The NFL’s game operations manual says that “all players must be on the sideline for the National Anthem.”
It also says: “Failure to be on the field by the start of the National Anthem may result in discipline, such as fines, suspensions, and/or the forfeiture of draft choice(s) for violations of the above, including first offenses.”
The NFL is waiving such discipline after a weekend in which Commissioner Roger Goodell, owners of teams, players and others reacted forcefully to comments made Friday by President Trump, who said at a campaign rally in Alabama that owners should fire players who refuse to stand for the national anthem as a means of protest.
“We also believe our players have a right to express themselves,” Lockhart said.
Lockhart called Sunday “an important day for the league and, we think, a good one.” He said the conversations involving the league office, owners, players and the NFL Players Association demonstrated the ability of everyone in the sport to work cooperatively in a crisis.
“I’ve never seen an event that more forcefully pulled together and united a group in defense of the game,” he said.
Lockhart, formerly the White House press secretary under President Clinton, also made a reference to the campaign incident in which The Washington Post obtained video of Trump talking in vulgar terms about kissing, groping and trying to have sex with women during a 2005 conversation.

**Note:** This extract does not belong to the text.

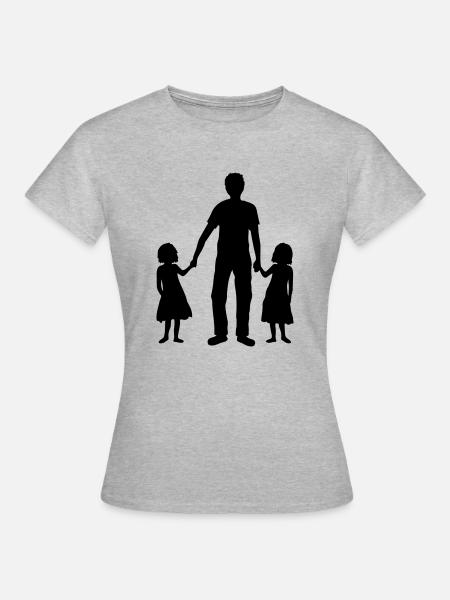 Vater 2 Töchter - Frauen T-Shirt - Grau meliert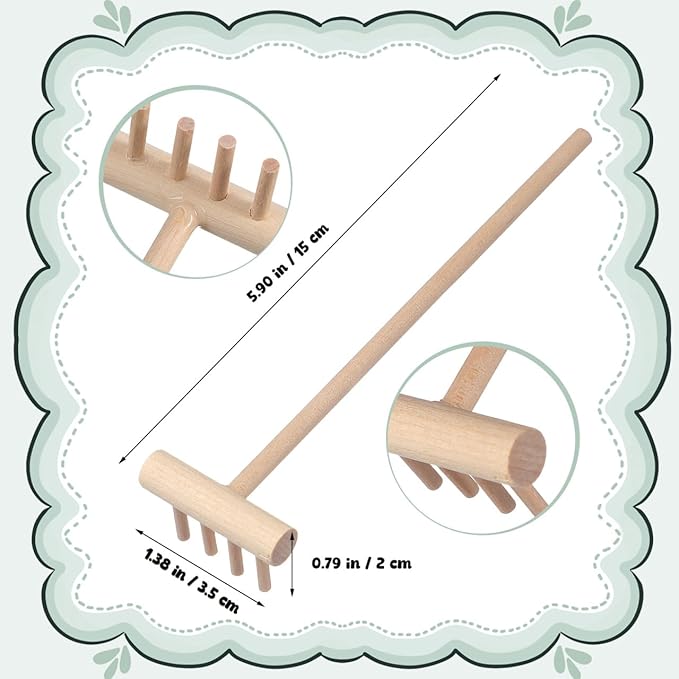 YARNOW 20 Pcs Mini Zen Garden Rake Set, Bamboo Tabletop Sand Tools for Desk Meditation, Small Wooden Accessories for DIY Miniature Craft & Home Decor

“Everyone should know, including the president, this is what real locker room talk is,” Lockhart said.
Lockhart called Trump’s remarks regarding the sport’s player-safety rules “out of touch.” Trump said penalties for illegal hits were ruining the game.
There has been no direct dialogue between the league and the White House, Lockhart said.
“The president has chosen his form of dialogue, which is Twitter and statements …. If the president wants to engage in something that’s positive, productive and constructive, he has our number,” he said.
The NFL is not considering discontinuing the playing of the national anthem before games, Lockhart said. He would not speculate on the effect that the events of the weekend might have on the chances of quarterback Colin Kaepernick being signed by a team, calling that a matter for the individual clubs. Kaepernick remains out of work after refusing to stand for the anthem before games last season, while with the San Franicsco 49ers, to protest the treatment of African Americans in the United States. Other players followed Kaepernick’s lead.
Lockhart did not dismiss the importance of the events of the past few days.
“When the president of the United States calls anyone a son of a bitch, that’s a story,” he said.